La raison en est toute simple : pour ces scrutins qui poignent à l’horizon, les chefs d’Etat sortants sont pratiquement tous candidats pour se succéder à eux-mêmes. Si officiellement bon nombre d’entre avancent le coût exorbitant des élections pour afficher leur préférence pour les scrutins à tour unique, ils redoutent tous le vote à double tour avec une opposition coalisée capable de remettre en cause leur réélection. Mais il faut clarifier les choses. Un président sortant peut remporter une élection au premier tour ; les causes d’un tel cas de figure étant légion : une opposition peut se présenter dans un état de déliquescence avancée et dérouler, par son inaptitude et son déficit de stratégies, le tapis rouge de la victoire au président en exercice ; comme un bilan positif peut déclencher la satisfaction des électeurs et impliquer la réélection du président sortant. Ce n’est donc pas le principe de la victoire au premier tour lors d’une présidentielle qui pose problème. Mais les implications d’une victoire dans lesdites proportions, sur fond du concept controversé de « un coup KO ».

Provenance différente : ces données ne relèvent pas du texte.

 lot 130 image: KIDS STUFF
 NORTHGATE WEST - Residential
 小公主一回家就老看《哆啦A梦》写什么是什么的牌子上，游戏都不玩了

En effet, ce concept tient sa létalité du fait que ses promoteurs ne s’arrêtent pas qu’au mot. Lorsqu’ils prônent le « un coup KO » à une élection qui se veut inclusive et transparente, ils montrent clairement qu’ils sont prêts à mettre tout en œuvre pour la remporter. Malheureusement en usant de procédés et de moyens très souvent antidémocratiques. C’est alors tout le sens des mesures prises en amont soit pour contrôler l’organe en charge des élections, soit pour éliminer les adversaires les plus coriaces et les plus sérieux. Et de celles arrêtées en aval qui consistent à caporaliser l’armée, à mettre en place des milices sanguinaires parallèles aux forces légales dans la seule optique de faire barrage aux partisans de l’opposition qui tenteraient de contester leur victoire. Dans bien des situations, nous assistons à des manifestations de protestations réprimées avec une farouche violence. L’autre versant de ce concept de « un coup KO » est la terreur qui se situe aux antipodes de l’alternance, moteur de la démocratie. Cette approche est le manteau démocratique avec lequel les présidents en exercice habillent les élections, alors qu’en réalité elles sont bien loin de l’être. Avec les élections « un coup KO », savamment associées aux tripatouillages constitutionnels auxquels s’adonnent les chefs d’Etat en fin de mandat pour s’assurer une longévité au pouvoir, la démocratie marche à reculons en Afrique.